Our visual analysis in Part 2 is based on a sample of television representations spanning a period from 1992, which coincided with the foundation of the Bloody Sunday Justice Campaign, to 2010 and the Saville Report. The analysis ranges from current-affairs and documentary films in Chapter 4 to the TV drama-documentaries, Bloody Sunday and Sunday, in Chapter 5. We employ a method of structured, visual analysis that pays particular attention to the interplay between elements in three dimensions: the verbal dimension (the narrative as spoken by narrator or presenter and supported by documentary evidence and interviewees etc.); the audio-visual dimension (contemporaneous film footage, archive and found-film footage, photographs, actuality sound, sound-effects and musical score); and the performative dimension (the demeanour and body language of key actors and the personal interaction between them). As with the newspapers, our method is thematic and qualitative, but we are also aware of the institutional characteristics of television that distinguish it from those of newspapers (for example, the legal requirement for impartiality and balance); and of the formal characteristics that determine particular modes of production, presentation and potential audience-reception in different ways, and to different effect, than those of print journalism. This acknowledges essential differences between a TV news item, a current-affairs programme, a documentary and a drama-documentary, differences that affect the visual representation of Bloody Sunday and its aftermath in some revealing ways.

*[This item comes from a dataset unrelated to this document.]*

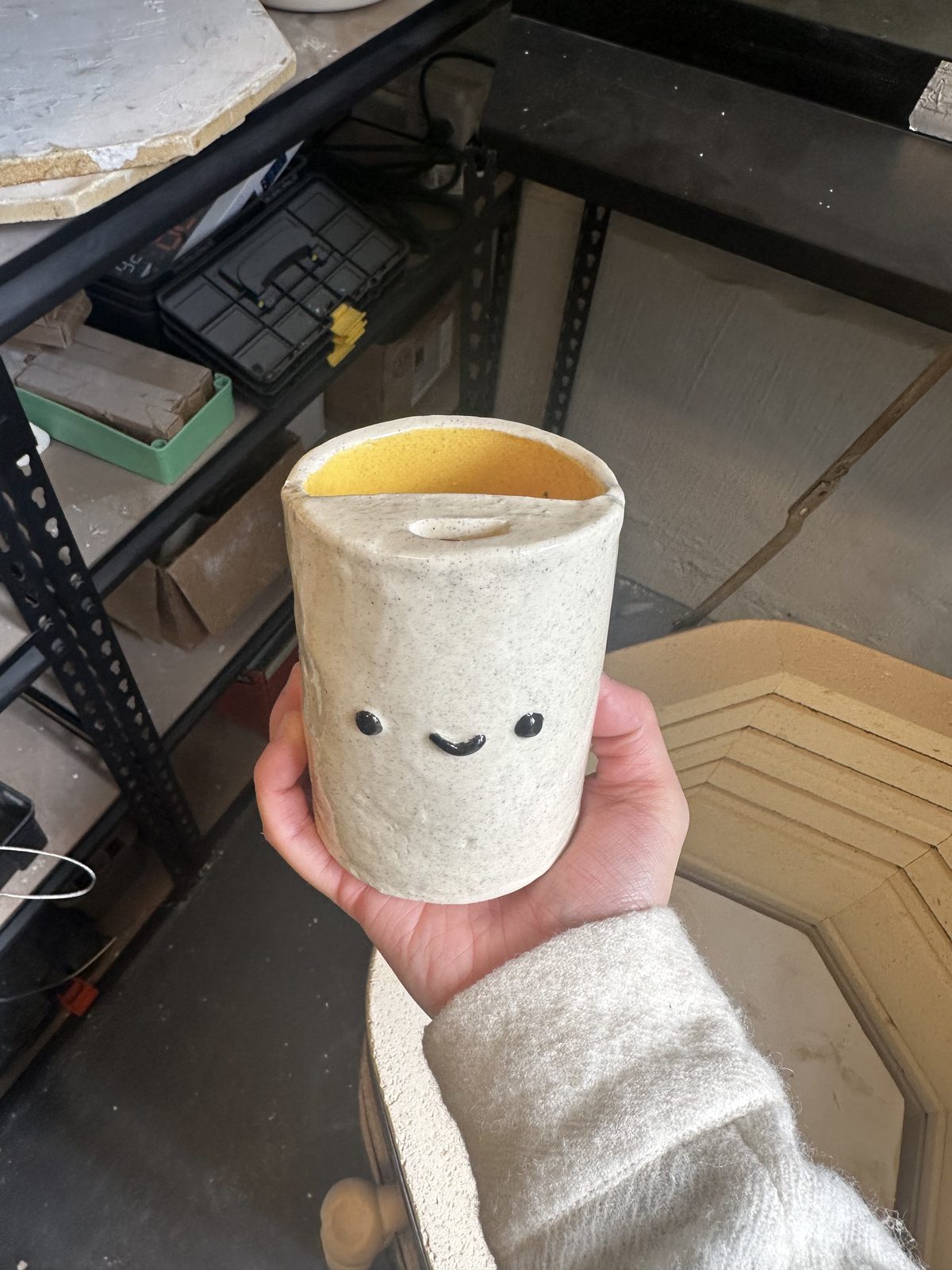 A member holding a hand-thrown mug with a simple smiling face painted on it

As we shall see, much of the British media coverage of Bloody Sunday at the time paid little regard to the context within which the fatal events of the day took place. Instead there was a tendency to portray the event as something that defied rational explanation or investigation. Bloody Sunday was either a tragedy or an example of Ireland’s violent fate. Seen in those terms it was easy to absolve the British Army of any responsibility for the deaths and injuries since the soldiers’ actions were a sadly inevitable response to the provocation of the innately intemperate Irish. However, Bloody Sunday looks less like an act of fate when seen in the context of the disputed constitution of Northern Ireland, which was created when the British government partitioned the island of Ireland in 1920.
Bloody Sunday in context5
Partition guaranteed unionists and Protestants an in-built majority in the newly formed northern state and, in an effort to maintain their hegemony, they discriminated against the Catholic, Irish nationalist minority in terms of employment and housing and by way of gerrymandering electoral boundaries. But by the 1960s unionist domination faced a serious challenge from a civil-rights coalition comprising an aspiring Catholic middle class and a Catholic working class, whose relative poverty fed a deep sense of grievance and discontent. They were joined in their campaign by liberal reformers and student radicals, many of whom were inspired by the black civil-rights movement in the United States. What became the Northern Ireland Civil Rights Association (NICRA) demanded democratic reforms and an end to the sectarian allocation of jobs and housing. Faced with such a threat to its power and privilege, the unionist establishment was determined to see the nefarious hand of militant Irish republicanism at work, even though by the 1960s the IRA was largely a spent force. Nevertheless, the Royal Ulster Constabulary (RUC) and the reservist Ulster Special Constabulary (or B Specials) as well as hard-line unionists met the challenge with violent force.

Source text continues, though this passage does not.